Exercise aim:
Please write out exactly the lines of the data below from the line holding "d7738a05-317e-40a4-b593-262b1bd72202" through the line holding "Boîte pour bébé nouvellement glands", and leave out the rest.

(Listed entries Opens)

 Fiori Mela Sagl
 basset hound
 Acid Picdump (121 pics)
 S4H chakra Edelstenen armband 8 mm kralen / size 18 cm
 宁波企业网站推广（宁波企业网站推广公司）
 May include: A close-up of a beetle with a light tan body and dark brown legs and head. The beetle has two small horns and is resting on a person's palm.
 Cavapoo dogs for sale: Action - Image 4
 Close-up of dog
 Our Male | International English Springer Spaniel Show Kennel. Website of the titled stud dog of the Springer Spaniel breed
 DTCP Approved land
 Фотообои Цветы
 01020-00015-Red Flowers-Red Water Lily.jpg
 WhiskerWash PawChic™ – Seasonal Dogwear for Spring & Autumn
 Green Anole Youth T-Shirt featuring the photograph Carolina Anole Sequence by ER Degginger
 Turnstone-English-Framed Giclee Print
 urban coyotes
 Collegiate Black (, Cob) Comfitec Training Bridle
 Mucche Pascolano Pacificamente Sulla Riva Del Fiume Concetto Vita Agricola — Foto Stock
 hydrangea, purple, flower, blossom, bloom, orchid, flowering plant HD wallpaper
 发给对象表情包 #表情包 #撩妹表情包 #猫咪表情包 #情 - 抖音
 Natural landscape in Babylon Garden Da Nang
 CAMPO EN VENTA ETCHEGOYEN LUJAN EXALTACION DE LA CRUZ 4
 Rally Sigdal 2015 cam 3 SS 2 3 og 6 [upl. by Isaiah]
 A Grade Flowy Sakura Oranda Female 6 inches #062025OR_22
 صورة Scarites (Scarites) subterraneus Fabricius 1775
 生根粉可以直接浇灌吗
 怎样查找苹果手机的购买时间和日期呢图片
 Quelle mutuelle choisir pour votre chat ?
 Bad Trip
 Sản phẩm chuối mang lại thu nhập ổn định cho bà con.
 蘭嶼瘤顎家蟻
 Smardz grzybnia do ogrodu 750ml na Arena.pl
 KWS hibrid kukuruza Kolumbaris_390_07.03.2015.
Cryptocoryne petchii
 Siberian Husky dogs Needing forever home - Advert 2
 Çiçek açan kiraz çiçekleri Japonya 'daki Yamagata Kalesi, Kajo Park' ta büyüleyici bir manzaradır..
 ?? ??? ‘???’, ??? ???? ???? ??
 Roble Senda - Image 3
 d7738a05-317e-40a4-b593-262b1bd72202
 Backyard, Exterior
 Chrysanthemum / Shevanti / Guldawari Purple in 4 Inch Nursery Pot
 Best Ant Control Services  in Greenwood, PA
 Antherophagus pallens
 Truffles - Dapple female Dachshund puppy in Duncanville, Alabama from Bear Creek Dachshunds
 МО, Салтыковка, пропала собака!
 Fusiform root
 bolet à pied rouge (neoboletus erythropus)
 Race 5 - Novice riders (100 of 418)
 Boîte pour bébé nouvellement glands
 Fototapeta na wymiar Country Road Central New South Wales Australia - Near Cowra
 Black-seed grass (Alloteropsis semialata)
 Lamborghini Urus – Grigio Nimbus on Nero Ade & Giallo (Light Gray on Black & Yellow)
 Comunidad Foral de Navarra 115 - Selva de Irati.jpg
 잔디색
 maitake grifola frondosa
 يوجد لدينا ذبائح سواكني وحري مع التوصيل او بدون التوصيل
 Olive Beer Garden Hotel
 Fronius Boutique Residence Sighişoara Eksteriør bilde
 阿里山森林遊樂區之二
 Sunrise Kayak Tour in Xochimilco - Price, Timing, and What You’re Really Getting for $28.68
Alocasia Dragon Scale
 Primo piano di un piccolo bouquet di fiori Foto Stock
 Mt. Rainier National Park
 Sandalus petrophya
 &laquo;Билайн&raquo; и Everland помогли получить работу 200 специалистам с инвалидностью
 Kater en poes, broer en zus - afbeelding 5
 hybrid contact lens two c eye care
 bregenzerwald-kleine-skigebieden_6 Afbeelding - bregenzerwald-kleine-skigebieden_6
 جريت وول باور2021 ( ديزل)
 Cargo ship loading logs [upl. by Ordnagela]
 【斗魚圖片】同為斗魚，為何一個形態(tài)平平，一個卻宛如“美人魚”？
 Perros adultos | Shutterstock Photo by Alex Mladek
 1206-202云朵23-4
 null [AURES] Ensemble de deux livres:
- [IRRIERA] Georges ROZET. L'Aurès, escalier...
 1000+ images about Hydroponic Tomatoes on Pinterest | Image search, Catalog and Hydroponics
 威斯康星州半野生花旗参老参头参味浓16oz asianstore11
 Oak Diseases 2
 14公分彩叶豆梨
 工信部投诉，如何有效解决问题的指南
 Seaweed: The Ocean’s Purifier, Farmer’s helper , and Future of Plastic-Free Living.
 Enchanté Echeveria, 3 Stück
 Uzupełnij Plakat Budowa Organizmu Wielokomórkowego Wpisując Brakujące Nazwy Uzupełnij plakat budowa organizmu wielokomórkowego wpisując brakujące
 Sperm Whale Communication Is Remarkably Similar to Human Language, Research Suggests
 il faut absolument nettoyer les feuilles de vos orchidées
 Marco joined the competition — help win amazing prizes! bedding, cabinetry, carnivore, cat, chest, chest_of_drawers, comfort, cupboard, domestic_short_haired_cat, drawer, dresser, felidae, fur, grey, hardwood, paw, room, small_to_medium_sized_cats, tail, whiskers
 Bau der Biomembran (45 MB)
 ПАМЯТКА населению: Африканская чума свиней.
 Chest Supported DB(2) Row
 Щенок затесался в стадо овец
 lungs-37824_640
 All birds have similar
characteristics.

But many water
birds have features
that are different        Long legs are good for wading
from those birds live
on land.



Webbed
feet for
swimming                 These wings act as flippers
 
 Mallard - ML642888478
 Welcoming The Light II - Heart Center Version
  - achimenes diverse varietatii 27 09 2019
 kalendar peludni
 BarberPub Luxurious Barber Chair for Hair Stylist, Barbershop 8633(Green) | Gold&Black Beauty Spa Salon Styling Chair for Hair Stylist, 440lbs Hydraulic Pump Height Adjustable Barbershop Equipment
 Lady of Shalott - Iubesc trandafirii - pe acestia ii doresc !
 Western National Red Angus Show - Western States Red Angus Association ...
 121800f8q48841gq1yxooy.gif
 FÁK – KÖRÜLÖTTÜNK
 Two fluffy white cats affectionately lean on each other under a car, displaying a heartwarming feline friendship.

(Listed entries Closes)

Output below:
 d7738a05-317e-40a4-b593-262b1bd72202
 Backyard, Exterior
 Chrysanthemum / Shevanti / Guldawari Purple in 4 Inch Nursery Pot
 Best Ant Control Services  in Greenwood, PA
 Antherophagus pallens
 Truffles - Dapple female Dachshund puppy in Duncanville, Alabama from Bear Creek Dachshunds
 МО, Салтыковка, пропала собака!
 Fusiform root
 bolet à pied rouge (neoboletus erythropus)
 Race 5 - Novice riders (100 of 418)
 Boîte pour bébé nouvellement glands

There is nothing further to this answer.